養子縁組機関のホルト児童福祉会(以下、ホルト)では1日、「養子縁組で海外に渡った児童の後見人義務などを放棄したことに対し、1億ウォン(約1000万円)を賠償せよ」という裁判所の判決に控訴することを発表した。ソウル中央地裁は先月、1979年に養子縁組で米国に渡ったシン・ソンヒョク(米国名:アダム・クラプサー)氏がホルトを相手取り起こした損害賠償請求訴訟で、シン氏の訴えを認めた。韓国の裁判所が養子縁組機関の責任を認めた初めての判断だ。ホルト側は1日、「後見人の義務は(児童の)米国到着後、終了する」と主張した。
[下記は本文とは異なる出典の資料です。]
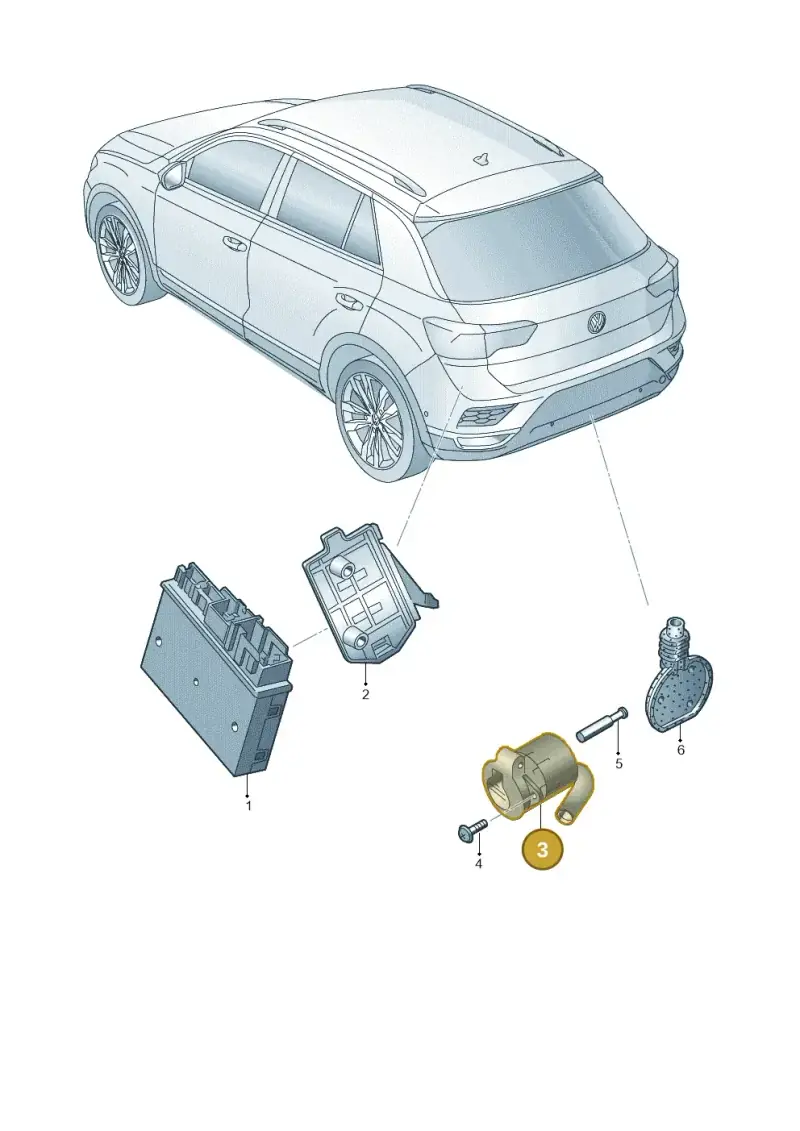 8K0945505 — Volkswagen T-Roc BlueMotion (2017-2024) diagram 813945550, position 3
韓国戦争(朝鮮戦争)以降、本格化した韓国の海外養子縁組の中心にはホルトがあった。1958年から昨年までの65年間で韓国から海外に渡った養子は公式統計だけで17万人いる。このうち45%を超える約7万7000人がホルトの養子縁組によるものだ。韓国は世界で最も多くの児童を海外に送り出している国だ。児童保護に関する非政府組織(NGO)団体「国際社会サービス(ISS)」の昨年の発表によると、韓国は2020年に266人を養子縁組で海外に送り出しており、これはコロンビア(387人)、ウクライナ(277人)に続く世界第3位の記録だという。主要8カ国(G8)入りを狙う韓国だが、ウクライナに次いで多くの児童を海外に送り出しているのだ。韓国政府関係者は「韓国は今、合計特殊出生率が世界最低を記録するなど、海外から労働力を輸入しなければならない状況にあるが、韓国の子どもたちを海外に送り出している」「血縁重視の文化などが原因とみられる」と語った。
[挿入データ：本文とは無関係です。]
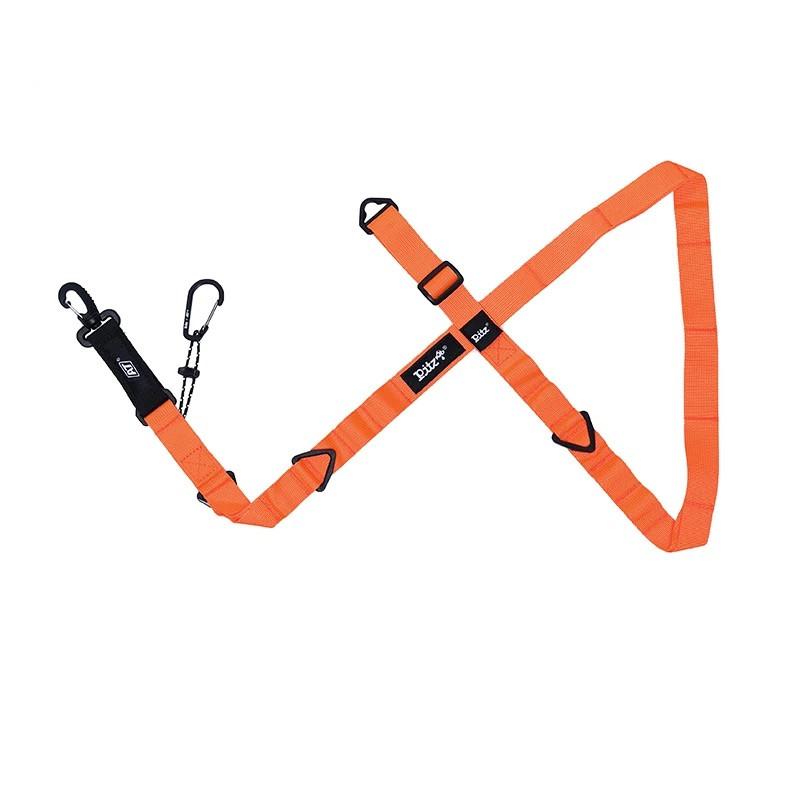 

Outdoor Camping Multi Hanging Point Tactical Crossbody Strap Multifunction Adjustable Orange Bag Strap Accessories оранжевый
ホルトを設立したハリー・ホルト氏(1905-1964年)は1954年、韓国戦争に参戦した米軍兵士を父親に持つ私生児たちの記録映画を見て、養子縁組を決心した。既に1男5女がいたが、米国人と韓国人の間に生まれた子どもなど戦争孤児8人を養子に迎えた。ホルト夫妻は1956年、ソウル市西大門国に現在のホルトの母体となる「ホルト氏海外養子会」を設立した。
ホルトは外国人と韓国人の間に生まれた子どもを海外で養子縁組した。1950-60年代の韓国では児童福祉に期待することはできなかった。1961年に路上生活していた子どもは公式統計だけで4453人いた。米軍兵士と韓国人女性の間に生まれた子どもは1300人を超えた。韓国が経済的に苦しかった1970年代まで、海外養子縁組は養育を放棄された子どもたちが現状から脱出するための突破口であり、ホルトはその中核となる役割を果たした。
海外養子縁組は戦争や災害などの特殊状況下で短期間行われ、社会が安定するにつれて減少していくのが一般的だ。ところが、韓国は休戦から30年たった1980年代半ばに海外養子縁組がピークに達した。1985年には8837人が海外に送られた。これは出生児100人に1.3人に相当するもので、世界でも類を見ない数字だ。これは当時の韓国政府が海外養子縁組の門戸を開放し、養子縁組機関が競い合った結果だと分析されている。1985年の韓国の合計特殊出生率は1.67で、出産奨励策を開始しなければならない状況だった。だが、2002年に出生率が1.18と超少子化社会に突入した後も、2365人の児童が海外に渡った。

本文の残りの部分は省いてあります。